Para Miguel Sousa Tavares, Palin é simplesmente a “dona-de-casa do Alasca”; não sei se me arrepie pelo machismo da frase se pela pesporrência desmedida do cronista, que por certo fez muito menos em termos de activismo cívico do que a tal dona-de-casa – mayor e depois governadora do seu estado, por despovoado e bizarro que este nos pareça.
Com Condoleezza Rice, já a esquerda europeia conviveu mal: como poderia uma mulher, negra e alegadamente lésbica, dormir com tão sinistro inimigo? Mas enfim, tratava-se apenas de mais um pequeno horror no bazar de sustos de Dubya, nada que pudesse interpelar a “nossa” ordem do Universo. Agora que, em plena festa de consagração de S. Obama, pudesse aparecer uma mulher a querer estragar o ágape, isto é que já não pode ser. O topete da criatura em afirmar-se contra o aborto, a favor da caça, do esburacamento do Alasca, da disseminação de armas pelo seio da white trash America! Como pode uma trânsfuga das “nossas” minorias oprimidas estar arvorada em figura de proa da armada inimiga?

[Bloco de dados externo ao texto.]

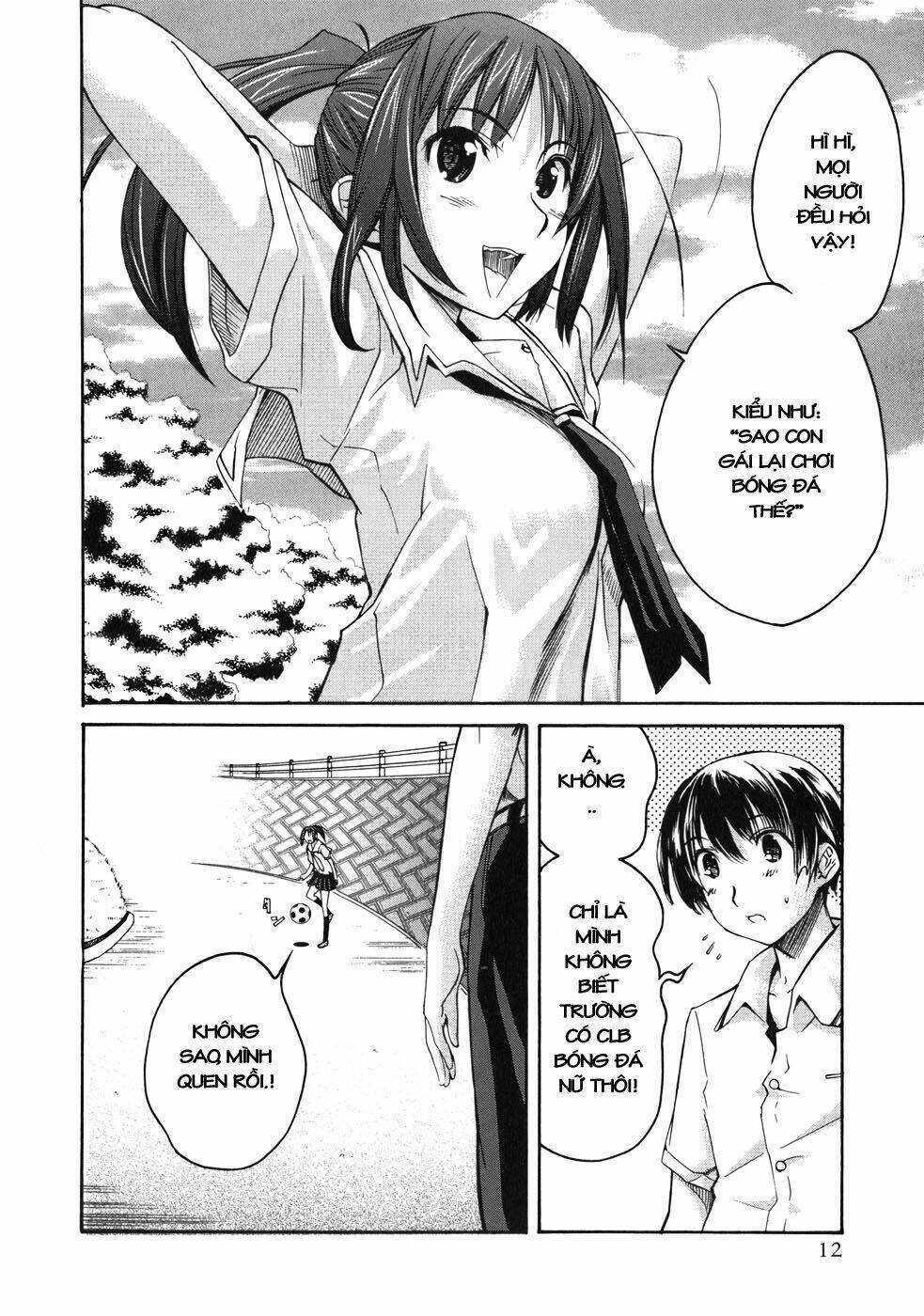 KimiKiss Chapter 9 - TC Truyện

Claro que não pode. Vai daí, foi ver o mulherio gineceu activista à cata de defeitos e contradições da anticrística figura, a mulher que se voluntariara para impedir a anunciada fusão entre o Reino dos Céus e Washington D.C. No nosso imaginário, uma mulher, um negro, um homossexual, todos eles, e mais alguns, só podem ser criaturas progressistas e reluzentes, irmãos óbvios na luta contra as Bestas deste mundo; quando surgem ao lado delas, tendemos a reagir com uma mistura impensada de espanto, agressividade e insensatez.
Que se aponte a flagrante impreparação política e o inacreditável amadorismo de Palin, tal parece-me tarefa urgente e meritória. Agora fazer dela uma espécie de buraco negro fugido do LHC, pronto a precipitar toda a civilização ocidental no abismo do fundamentalismo e da intolerância, eis o que os apaniguados de Obama deviam evitar. Quanto à presente idiotice de Sousa Tavares – fazer de “dona-de-casa” insulto – o que vale é que tais vozes nem chegam a quem interessa: os eleitores dos EUA.